Posted Dec 29, 2015 by Martin Armstrong
QUESTION: Dear Marty,
You have put your numbers out there for all to see for year end. Can they manipulate the closing due to thin markets, then reverse them to try and make you look bad?
ANSWER: Sorry, but it is impossible. I tried myself to elect a number when I was the largest player in a market and could not. In 1998, I sold $1 billion worth of yen against the Yearly Bullish Reversal at 147 on an MIT just before the LTCM collapse. I was awarded Hedge Fund Manager of the year for those trades. The market took it with no problem at my price and then collapsed.

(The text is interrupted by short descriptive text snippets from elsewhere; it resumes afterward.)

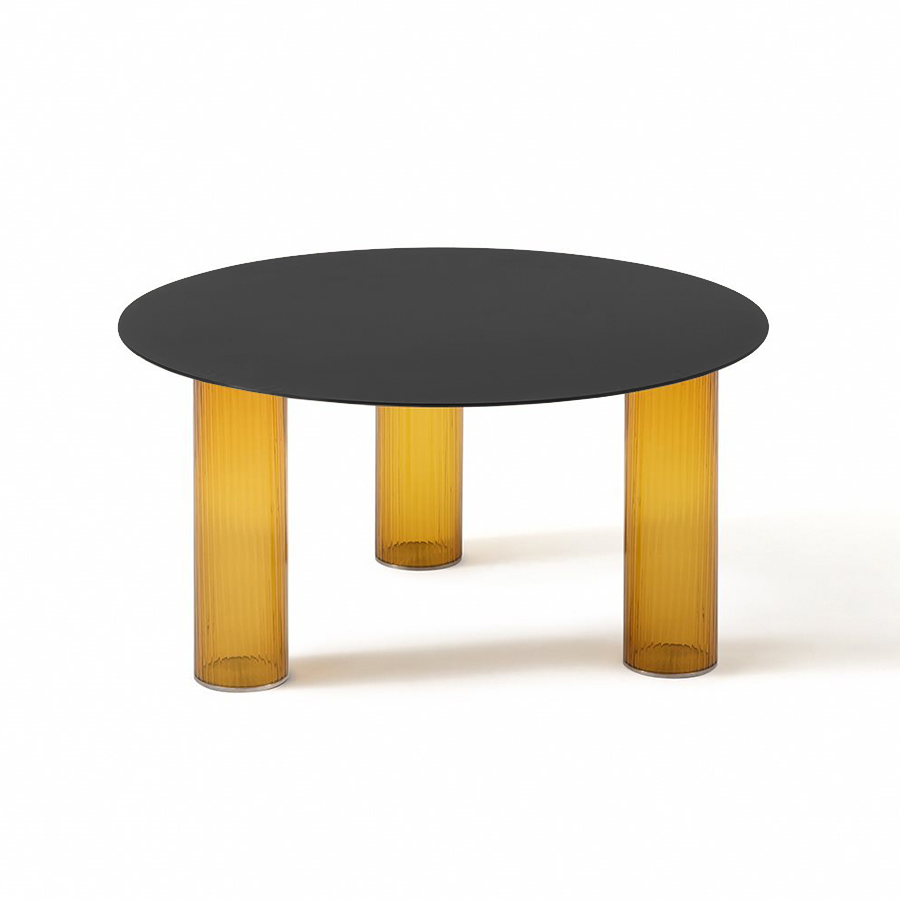 ZANOTTA table basse ronde ECHINO Ø 68 x H 34 cm (Ambre - Verre soufflé et plan noir)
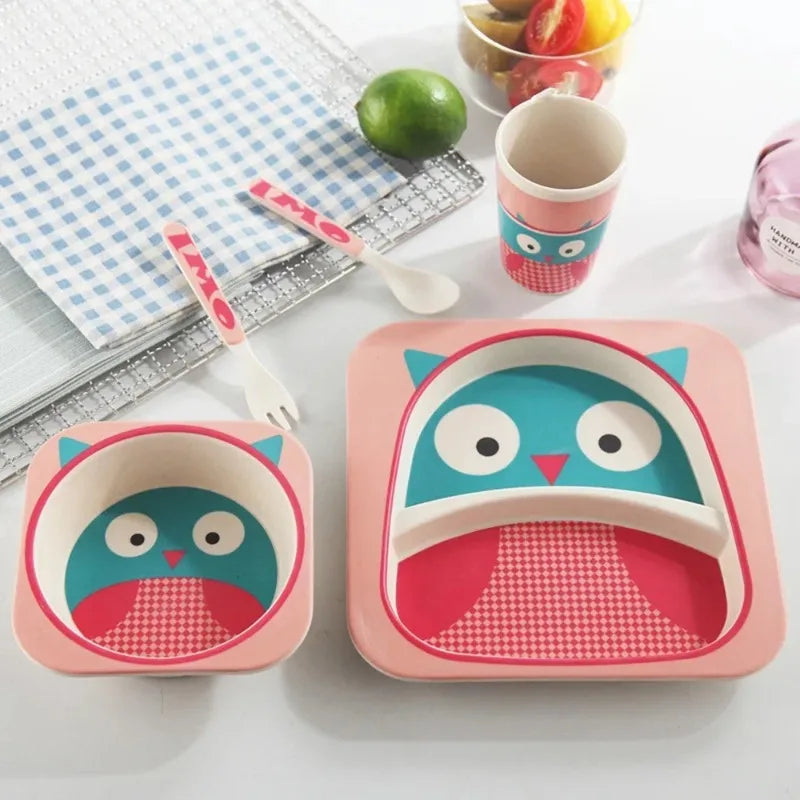 5-Piece Geometric Bamboo-Fibre Kids' Dinnerware Set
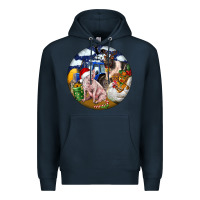 Navy Farm And Pig Premium Hoodie - FaDigitalArtStudio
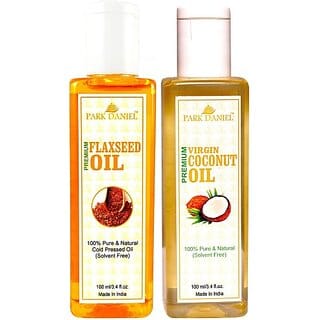 PARK DANIEL Organic Flaxseed oil and Coconut oil - Natural &amp; Undiluted combo of 2 bottles of 100 ml (200ml) (200 ml)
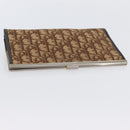 Christian Dior Trotter Canvas Pouch Brown Gold Auth YKZ187-5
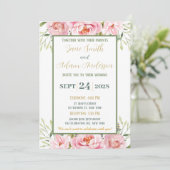 Pastel Floral Wedding Invitation Kaart (Staand voorkant)
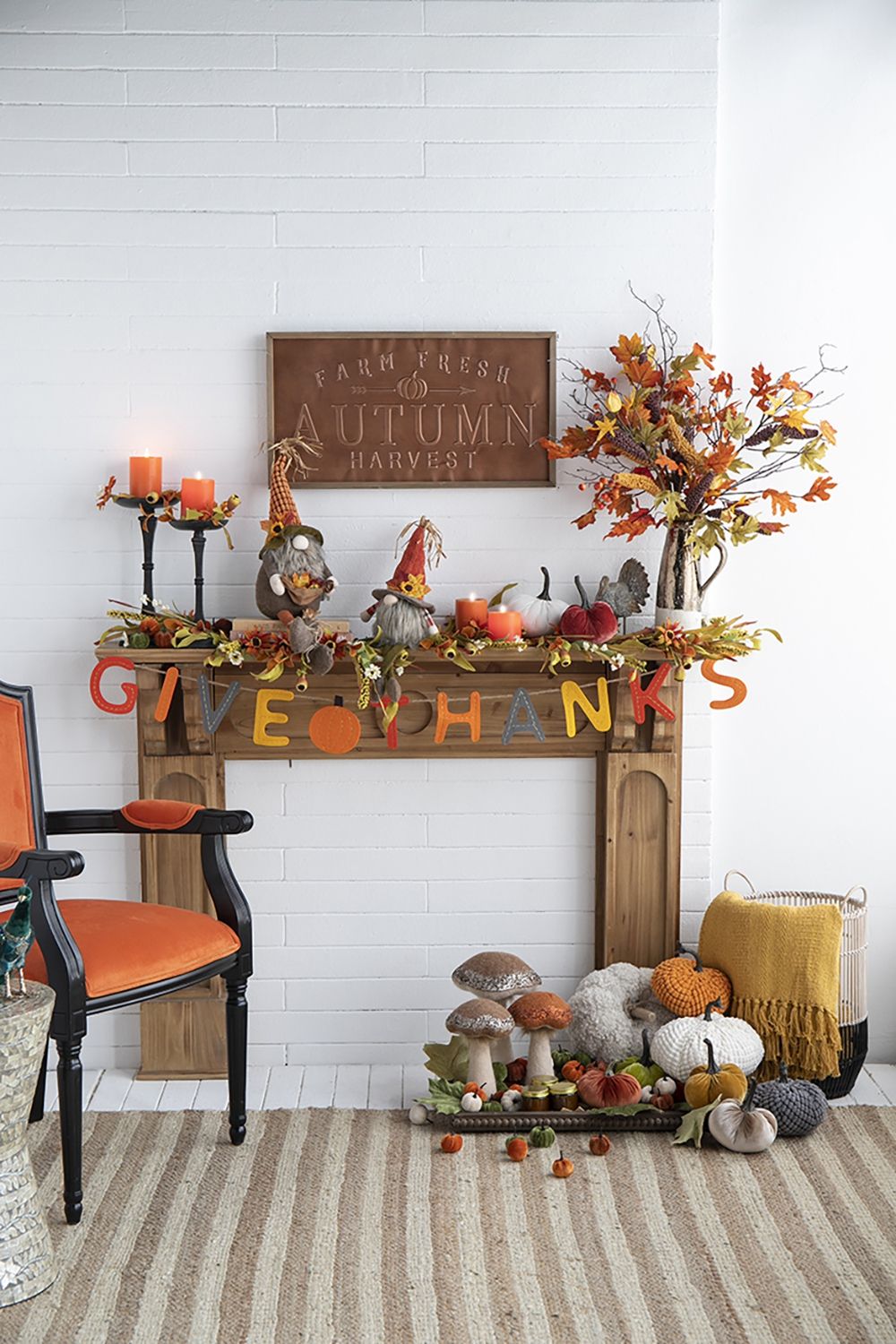 Sitting Gnome With Maple Leaf On Hat, For Holiday Harvest Festival Fall Festival & Thanksgiving Table Decorations (Set of 2) - Orange Multi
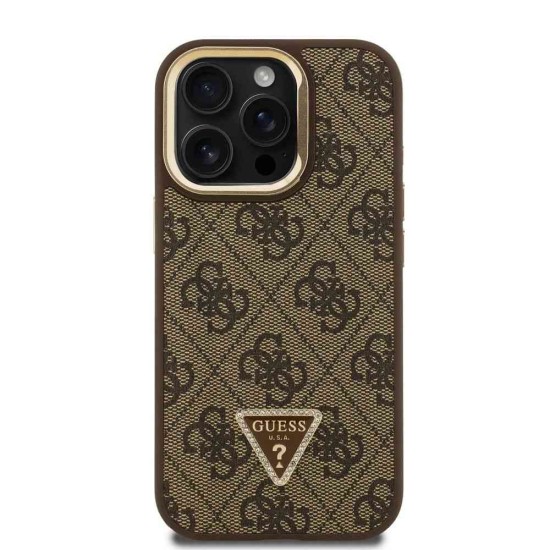 Husa Guess PU 4G Strass Triangle Logo Stand MagSafe pentru iPhone 15 Pro Max, Maro (Bakr, GUHMP15XPCS4GPTW) by www.silkase.ro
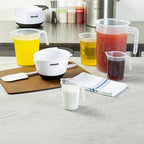 Restaurantware Measuring Cups, 8 Ounce Pack of 10 Conical Spout Baking Measuring Cups, Liquid Scaling Vessel with I-Beam Handle, Embossed Graduations, Clear, Break and Crack Resistant for Baking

In 1997, I stood up against all of the bankers and won when they were trying to manipulate silver. There are much bigger forces at work than you can imagine. You cannot manipulate a single market against the trend of the whole for you would have to do every market simultaneously, assuming that could even be done.
The numbers are the numbers and nobody can change that. These theories are excuses created by people who have never traded any size. It is like a man trying to write a book on how it feels to go through childbirth. Some things can only be seen or understood with experience — not BS.
The numbers are the numbers and they are either elected or not for a REAL reason. It is NEVER one single market in isolation. It is EVERYTHING collectively. Our forecast that gold peaked in 2011 was directly linked to our forecast that the Dow would take off to new highs, which also nobody believed. Barrons reported, perhaps tongue in cheek, on June 25, 2011: “The model pegged June 13-June 14, 2011, as the start of a long-term upward trend in the market, the market obliged by notching its first weekly rise since April 29.”
Yes, there are people who hate me because they use manipulation as an excuse for their incorrect forecasts. They would better serve their readers by actually trying to forecast market movements up or down rather than preaching only one direction which is more akin to what politicians do.